In Liu v. Siemens A.G., No. 13-cv-4385, 2014 WL 3953672 (2d Cir. Aug. 14, 2014), the Second Circuit affirmed that the anti-retaliation provision in Section 922 of Dodd-Frank does not apply extraterritorially.  This post examines the Court’s reasoning and the implications of this decision—particularly for multinational employers.  For more on this decision, please review our Firm’s client alert.


Plaintiff Liu Meng-Lin, a citizen and resident of Taiwan, worked as a compliance officer for a division of a Chinese company that is a wholly-owned subsidiary of a German corporation (whose shares are listed on the New York Stock Exchange (NYSE)).  He claimed to have discovered improper payments to officials in North Korea and China, and to have reported the alleged misconduct to his superiors.  As a result, he asserted, he was allegedly demoted and later terminated.

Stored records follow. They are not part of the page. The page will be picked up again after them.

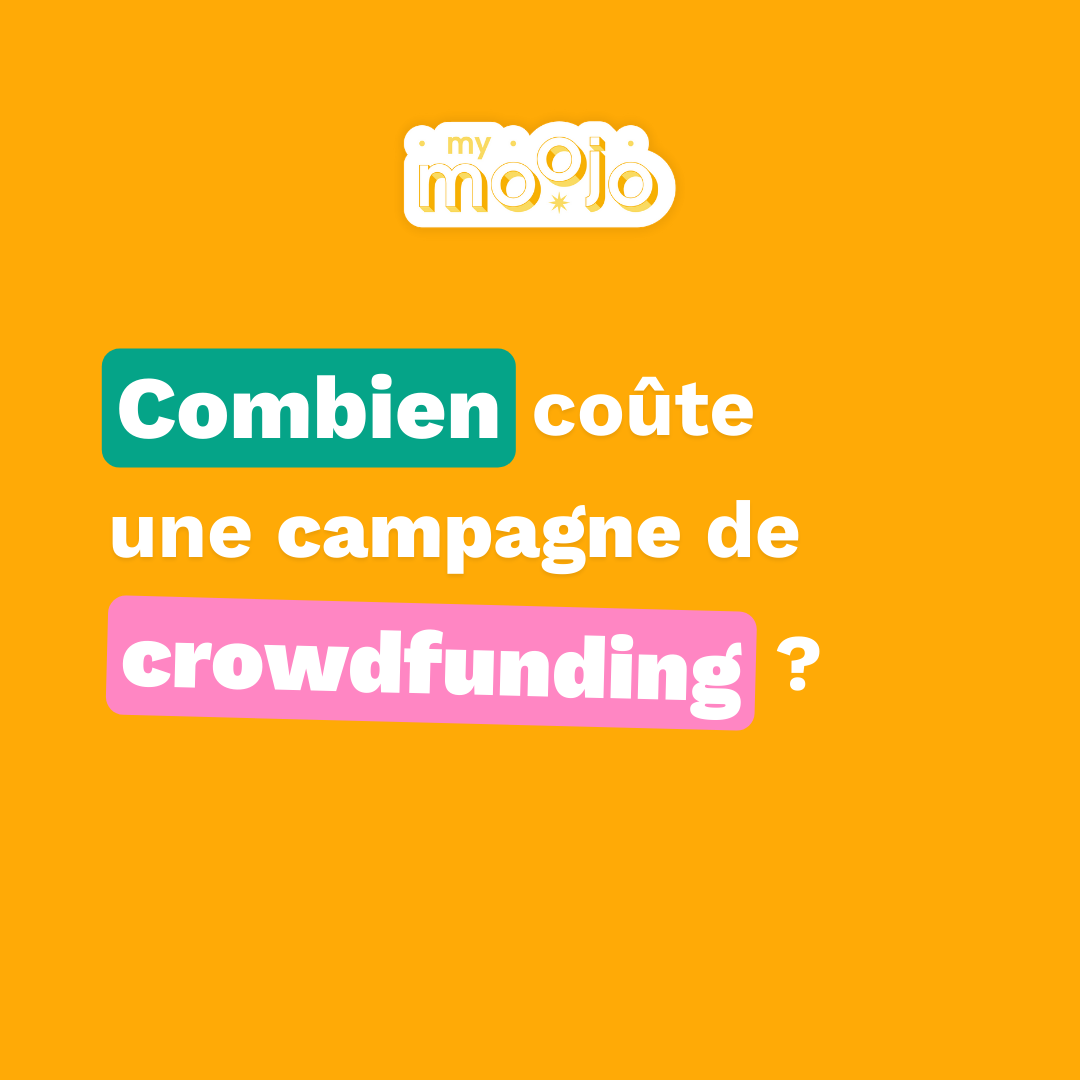 Combien coûte une campagne de crowdfunding ?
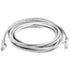 Mediabridge CAT6 Ethernet Patch Cable, 50 ft, RJ45 Connectors with Gold Plated Contacts, 10gbps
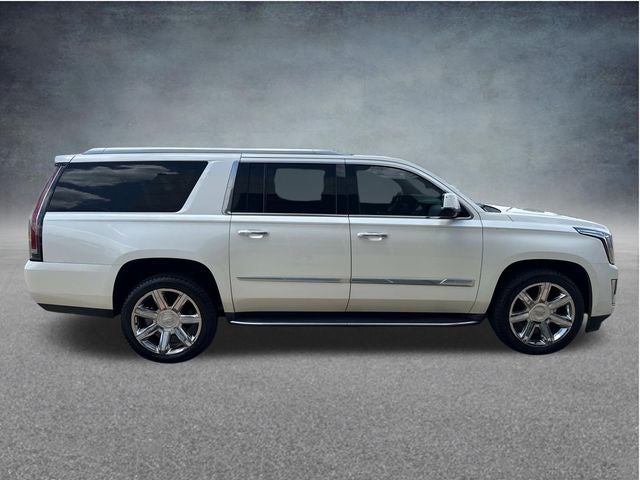 2015 Cadillac Escalade ESV Luxury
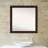 William Mottled Bronze 22 in. x 28 in. Bathroom Vanity Non-Beveled Wall Mirror-271545823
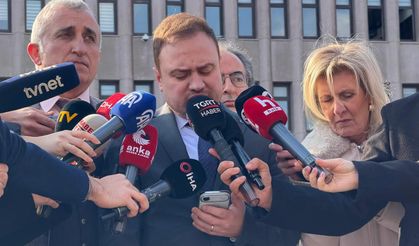 CHP'nin kurultay davasında delegeler tanık olarak dinlendi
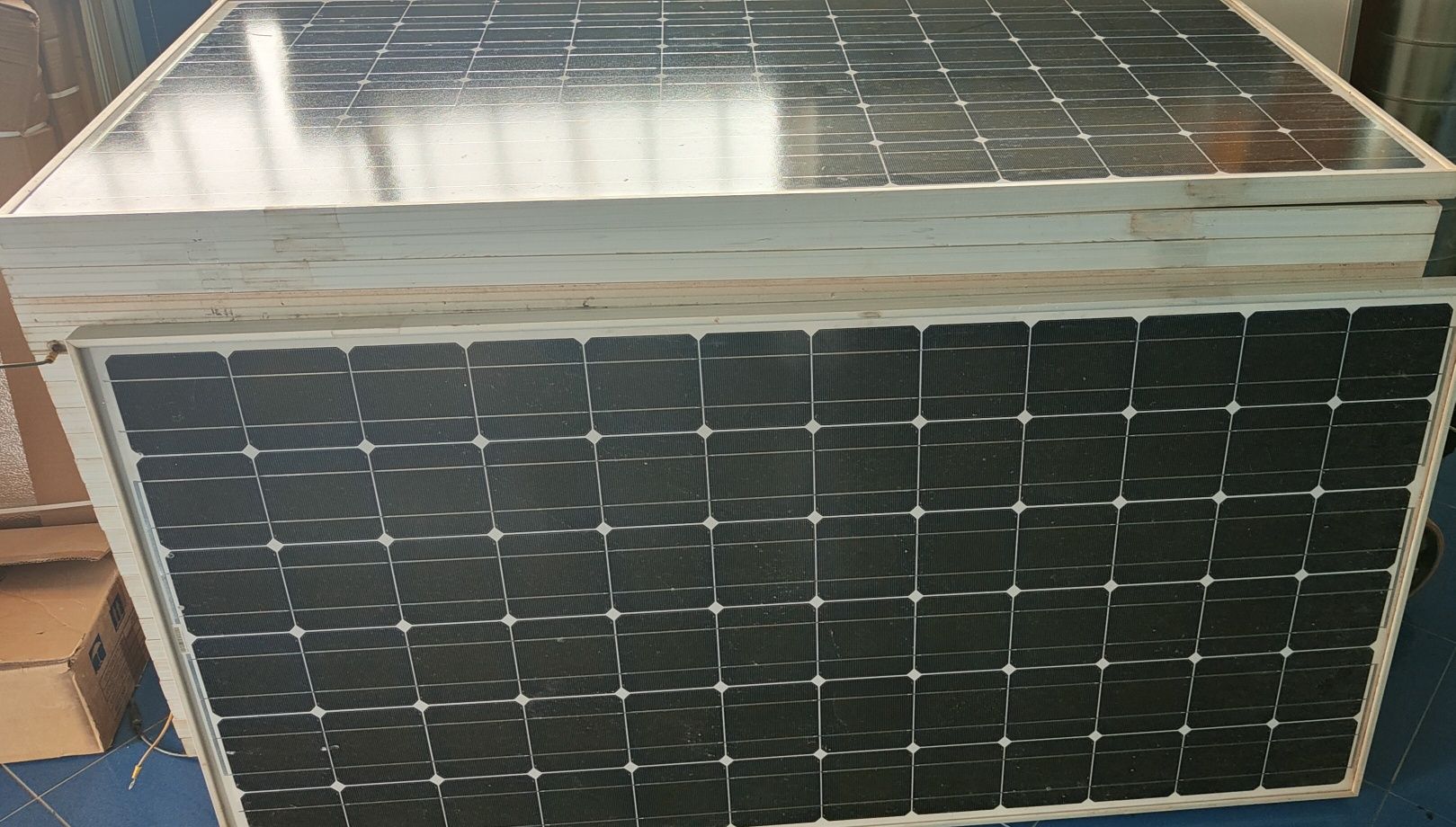 Painéis solares suntech 190w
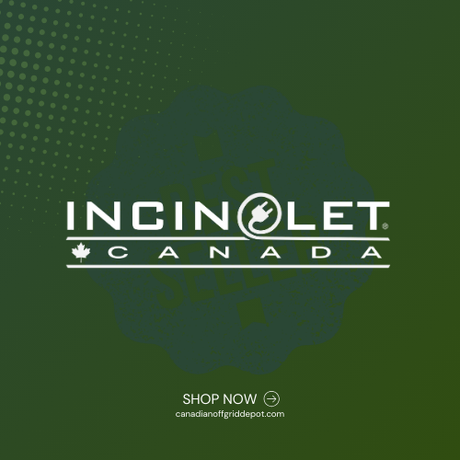 Incinolet - Canadian Off Grid
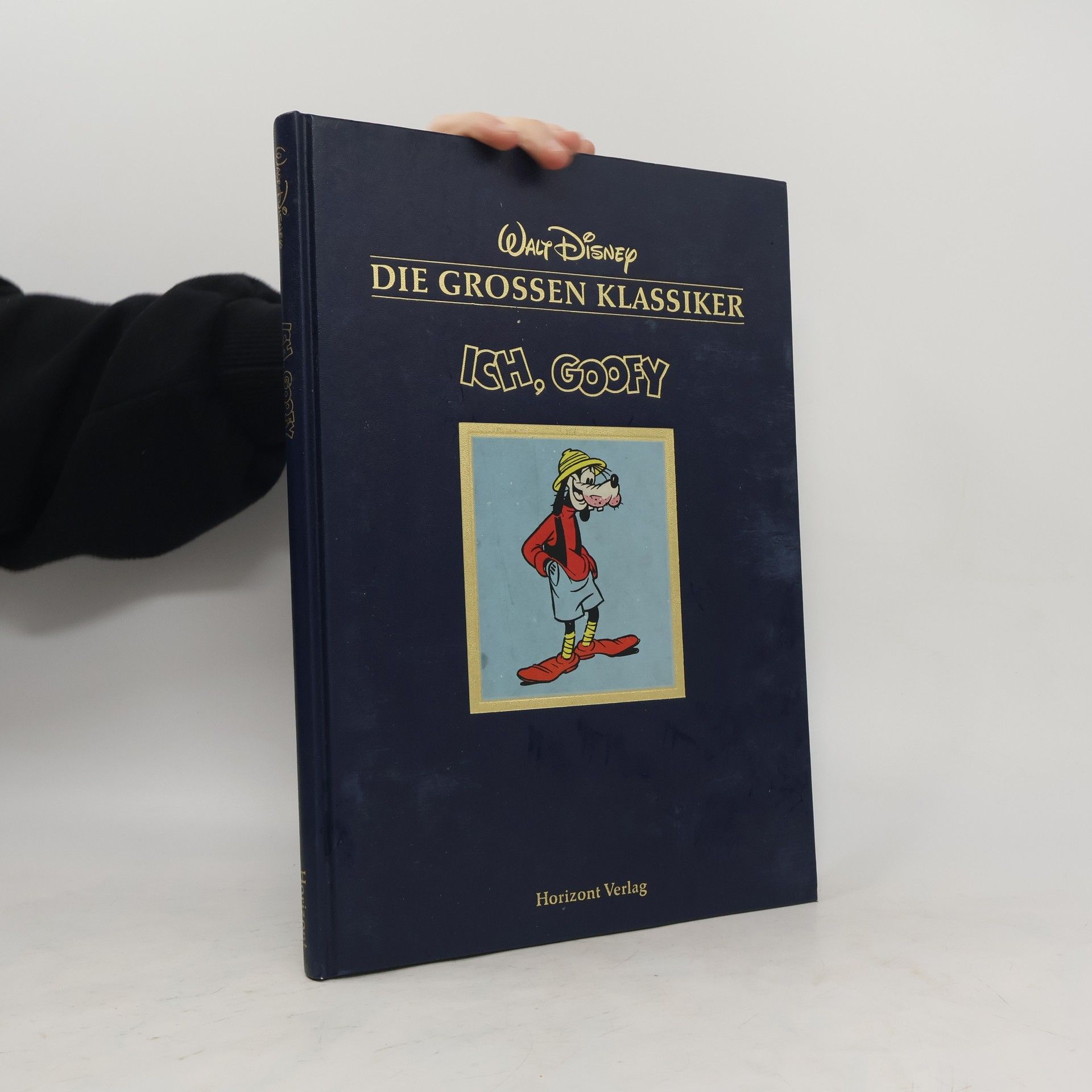 Walt Disney Die großen Klassiker Ich, Goofy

Liu subsequently informed the SEC that the company had allegedly violated the FCPA.  He then filed suit in the Southern District of New York, alleging he was discharged in violation of the anti-retaliation provision of Section 922 of Dodd-Frank.  Dismissing the case, the district court ruled that: (i) the alleged facts involved extraterritorial conduct beyond the reach of the anti-retaliation provision; (ii) Liu had not made a “required or protected” disclosure to the SEC; and (iii) the disclosure of an alleged FCPA violation did not constitute protected activity under Section 806 of SOX.

Second Circuit’s Ruling

The Second Circuit affirmed the dismissal on the grounds that Section 922 of Dodd-Frank does not apply extraterritorially and that the facts alleged in this case would require such application.

First, the Court determined that “this case is extraterritorial by any reasonable definition.”  That is, “[t]he whistleblower, his employer, and the other entities involved in the alleged wrongdoing are all foreigners based abroad, and the whistleblowing, the alleged corrupt activity, and the retaliation all occurred abroad.”  The fact that the German parent’s shares were listed on the NYSE was deemed immaterial.

Given that the facts here required extraterritorial application, the Second Circuit examined whether Congress intended such an application.  The Court made clear that nothing in the text or legislative history of the statute suggested that “Congress intended the anti-retaliation provision to regulate the relationships between foreign employers and their foreign employees working outside the United States.”  The “presumption against extraterritoriality” and “the absence of any direct evidence of a congressional intent to apply the relevant provision extraterritorially” defeated Liu’s claim.

The Court declined to address whether one qualifies as a whistleblower under Dodd-Frank if he or she has disclosed the alleged misconduct only within the corporation, and not to the SEC.  Nor did the Court address whether the disclosure of an alleged FCPA violation constitutes protected activity under Section 806 of SOX.


This is a welcome decision for multinational employers, as it is clear that Dodd-Frank’s anti-retaliation provision lacks an extraterritorial reach and thus does not invite the inconvenience and other difficulties inherent in defending matters where substantial evidence and witnesses are overseas.  Still, it should be noted that different results could be possible where the alleged underlying misconduct, protected activity and retaliation had a meaningful connection to the U.S.